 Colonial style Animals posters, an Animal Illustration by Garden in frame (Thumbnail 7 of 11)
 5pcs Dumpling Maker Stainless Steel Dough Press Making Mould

——

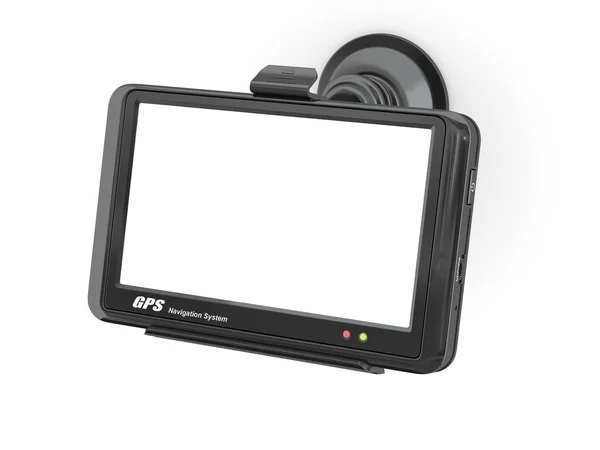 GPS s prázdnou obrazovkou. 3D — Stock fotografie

——

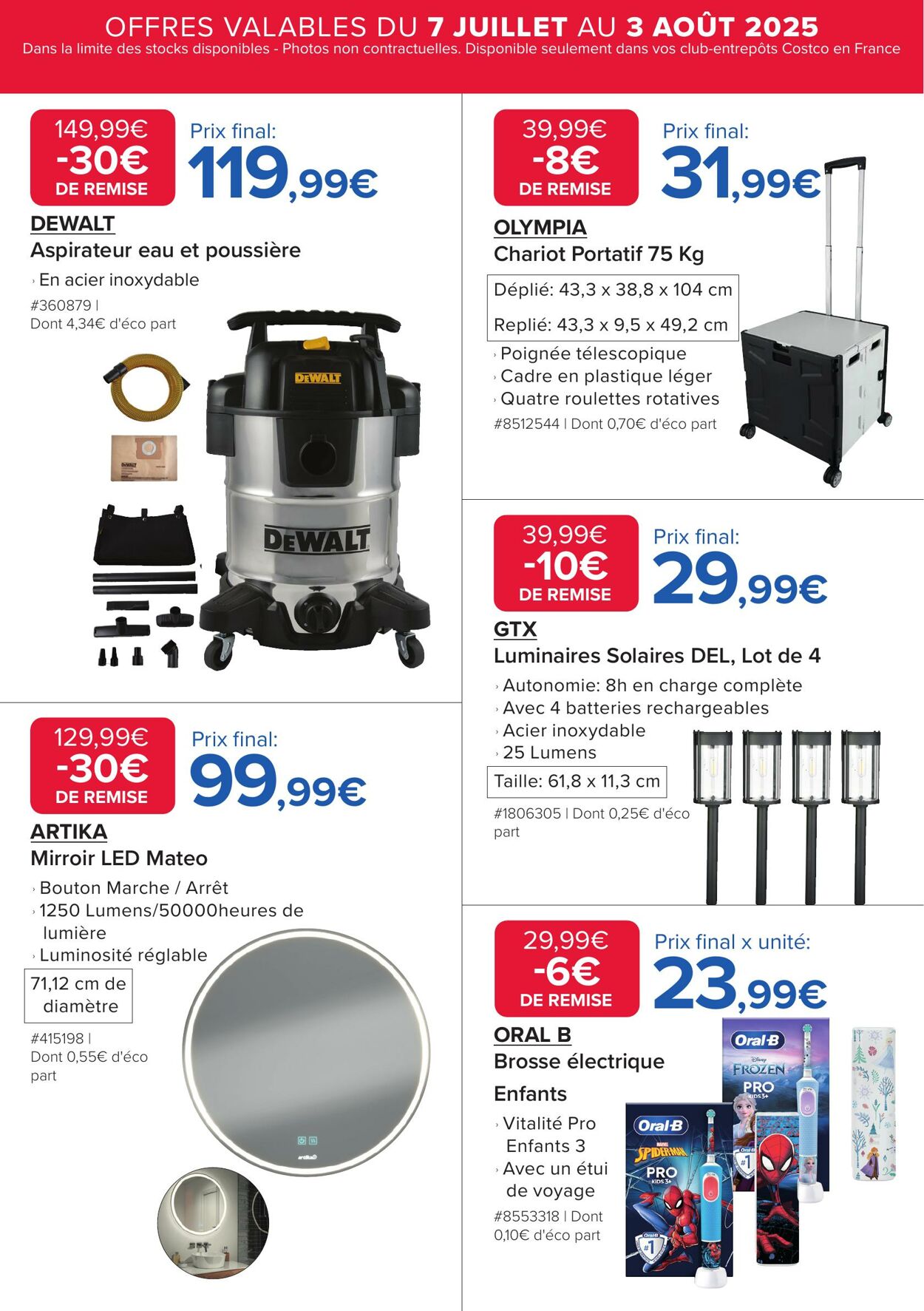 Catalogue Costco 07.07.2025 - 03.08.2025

——

- [Directions for this task]:
Above are records; repeat only the lines starting at the line with "Colonial style Animals" and ending at the line with "5pcs Dumpling Maker", exactly as they appear, both included.

- [Answer for this exercise]:
 Colonial style Animals posters, an Animal Illustration by Garden in frame (Thumbnail 7 of 11)
 5pcs Dumpling Maker Stainless Steel Dough Press Making Mould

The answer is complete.